# Assigned task
From the top of the entries below through the line containing "Чайник электрический Rondell", return every line exactly as written, please, and stop there.

------ The records ------

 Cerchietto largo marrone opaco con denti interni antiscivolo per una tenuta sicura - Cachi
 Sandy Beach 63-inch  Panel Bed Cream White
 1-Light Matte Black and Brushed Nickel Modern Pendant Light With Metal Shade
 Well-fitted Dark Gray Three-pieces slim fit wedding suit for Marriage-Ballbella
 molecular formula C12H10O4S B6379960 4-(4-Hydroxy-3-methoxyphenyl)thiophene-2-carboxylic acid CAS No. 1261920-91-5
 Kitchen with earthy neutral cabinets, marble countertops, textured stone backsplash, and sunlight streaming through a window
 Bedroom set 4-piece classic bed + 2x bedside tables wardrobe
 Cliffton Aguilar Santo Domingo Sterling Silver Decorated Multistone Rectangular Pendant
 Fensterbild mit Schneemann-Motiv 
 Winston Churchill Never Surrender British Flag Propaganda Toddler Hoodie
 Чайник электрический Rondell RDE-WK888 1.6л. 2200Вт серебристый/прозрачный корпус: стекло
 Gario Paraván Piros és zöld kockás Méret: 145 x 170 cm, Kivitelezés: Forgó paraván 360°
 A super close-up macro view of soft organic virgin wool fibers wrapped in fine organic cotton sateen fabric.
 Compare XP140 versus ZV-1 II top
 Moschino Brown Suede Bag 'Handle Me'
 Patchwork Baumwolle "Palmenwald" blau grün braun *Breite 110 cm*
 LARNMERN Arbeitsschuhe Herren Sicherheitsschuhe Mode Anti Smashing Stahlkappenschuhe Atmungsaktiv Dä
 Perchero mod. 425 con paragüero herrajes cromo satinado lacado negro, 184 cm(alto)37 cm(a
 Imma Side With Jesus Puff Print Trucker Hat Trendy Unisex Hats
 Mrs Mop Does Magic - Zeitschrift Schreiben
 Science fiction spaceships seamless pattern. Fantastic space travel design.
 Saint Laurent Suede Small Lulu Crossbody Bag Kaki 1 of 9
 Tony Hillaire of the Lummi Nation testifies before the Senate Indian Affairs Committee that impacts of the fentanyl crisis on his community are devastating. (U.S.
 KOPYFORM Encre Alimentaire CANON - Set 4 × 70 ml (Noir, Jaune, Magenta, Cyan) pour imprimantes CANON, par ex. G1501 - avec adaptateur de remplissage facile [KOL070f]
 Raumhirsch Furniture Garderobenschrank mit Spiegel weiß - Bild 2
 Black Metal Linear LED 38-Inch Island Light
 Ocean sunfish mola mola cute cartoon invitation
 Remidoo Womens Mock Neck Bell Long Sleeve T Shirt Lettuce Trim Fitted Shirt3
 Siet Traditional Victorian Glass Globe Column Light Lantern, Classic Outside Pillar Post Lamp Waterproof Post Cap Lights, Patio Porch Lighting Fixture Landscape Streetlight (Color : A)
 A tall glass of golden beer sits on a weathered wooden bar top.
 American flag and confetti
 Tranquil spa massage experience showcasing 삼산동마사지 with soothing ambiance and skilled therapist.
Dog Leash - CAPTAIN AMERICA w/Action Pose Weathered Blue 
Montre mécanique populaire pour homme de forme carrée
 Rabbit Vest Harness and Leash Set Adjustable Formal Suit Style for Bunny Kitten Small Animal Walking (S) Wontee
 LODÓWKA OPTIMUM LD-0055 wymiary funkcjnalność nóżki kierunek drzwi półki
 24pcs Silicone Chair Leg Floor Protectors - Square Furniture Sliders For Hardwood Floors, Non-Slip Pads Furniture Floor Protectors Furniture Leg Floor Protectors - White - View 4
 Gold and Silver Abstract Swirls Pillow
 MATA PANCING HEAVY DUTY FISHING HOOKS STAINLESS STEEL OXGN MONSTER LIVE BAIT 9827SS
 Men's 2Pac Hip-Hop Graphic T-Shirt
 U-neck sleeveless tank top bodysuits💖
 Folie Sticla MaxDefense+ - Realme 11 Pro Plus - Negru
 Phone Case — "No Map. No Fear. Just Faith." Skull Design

------

# Task answer
 Cerchietto largo marrone opaco con denti interni antiscivolo per una tenuta sicura - Cachi
 Sandy Beach 63-inch  Panel Bed Cream White
 1-Light Matte Black and Brushed Nickel Modern Pendant Light With Metal Shade
 Well-fitted Dark Gray Three-pieces slim fit wedding suit for Marriage-Ballbella
 molecular formula C12H10O4S B6379960 4-(4-Hydroxy-3-methoxyphenyl)thiophene-2-carboxylic acid CAS No. 1261920-91-5
 Kitchen with earthy neutral cabinets, marble countertops, textured stone backsplash, and sunlight streaming through a window
 Bedroom set 4-piece classic bed + 2x bedside tables wardrobe
 Cliffton Aguilar Santo Domingo Sterling Silver Decorated Multistone Rectangular Pendant
 Fensterbild mit Schneemann-Motiv 
 Winston Churchill Never Surrender British Flag Propaganda Toddler Hoodie
 Чайник электрический Rondell RDE-WK888 1.6л. 2200Вт серебристый/прозрачный корпус: стекло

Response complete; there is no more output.